[Opening RECORDED INFORMATION section]

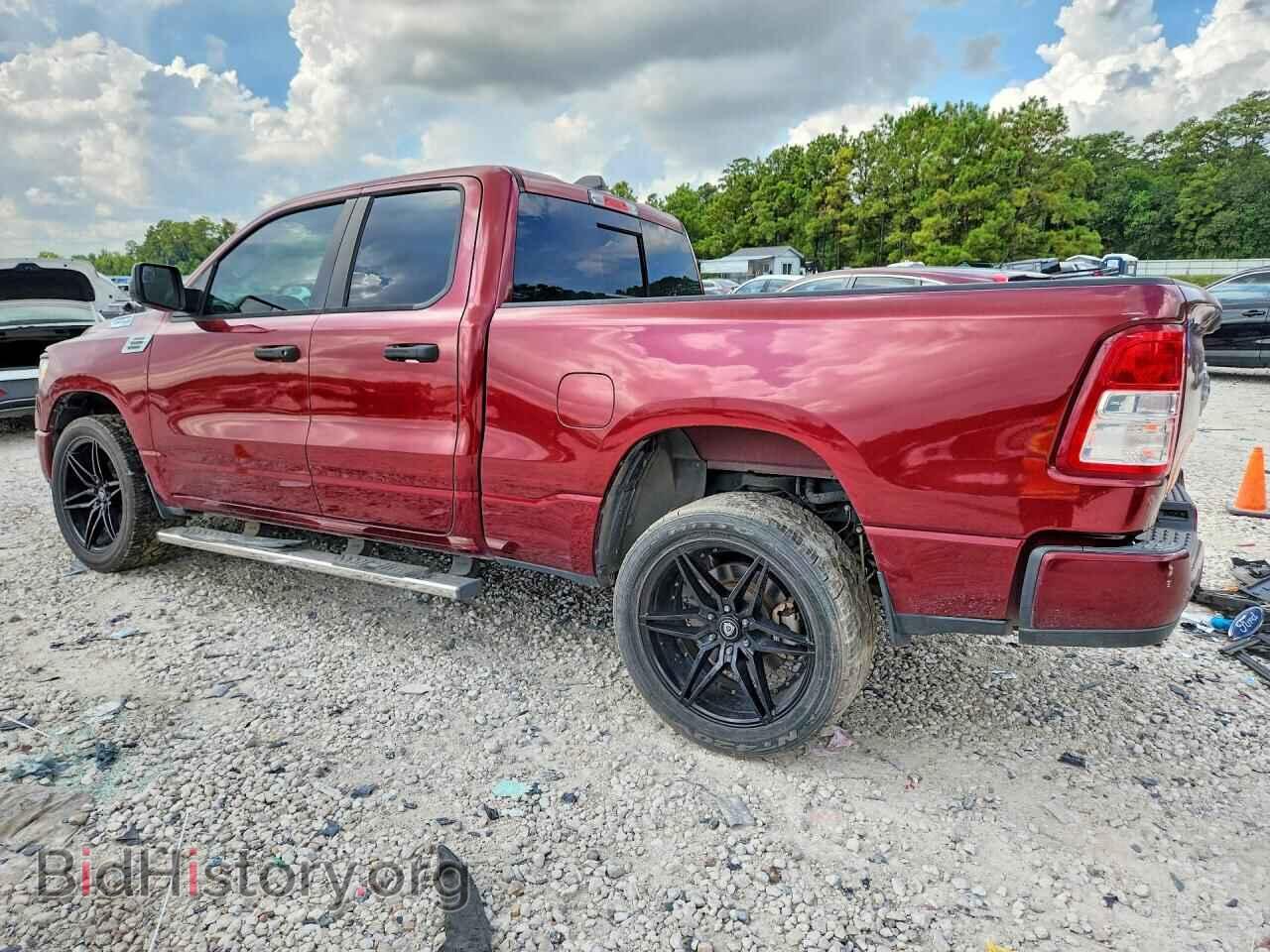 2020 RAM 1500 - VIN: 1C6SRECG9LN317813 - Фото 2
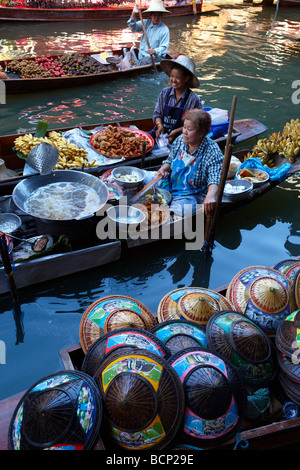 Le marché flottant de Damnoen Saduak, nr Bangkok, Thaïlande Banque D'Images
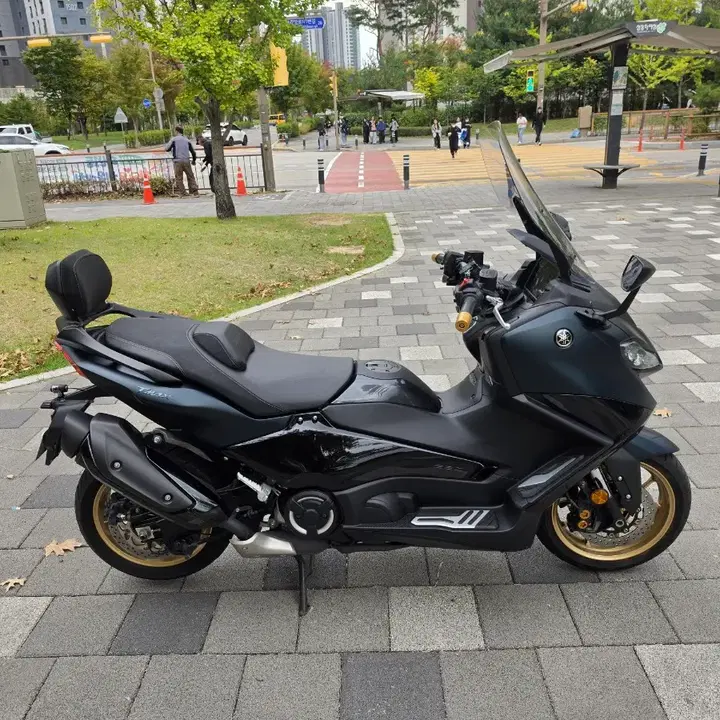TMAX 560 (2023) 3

[Closing RECORDED INFORMATION section]

> **ASSIGNED TASK**
With the pictures removed, return the listing above in its exact original wording.

> **RESULT OF THIS EXERCISE**
 2020 RAM 1500 - VIN: 1C6SRECG9LN317813 - Фото 2
 Le marché flottant de Damnoen Saduak, nr Bangkok, Thaïlande Banque D'Images
TMAX 560 (2023) 3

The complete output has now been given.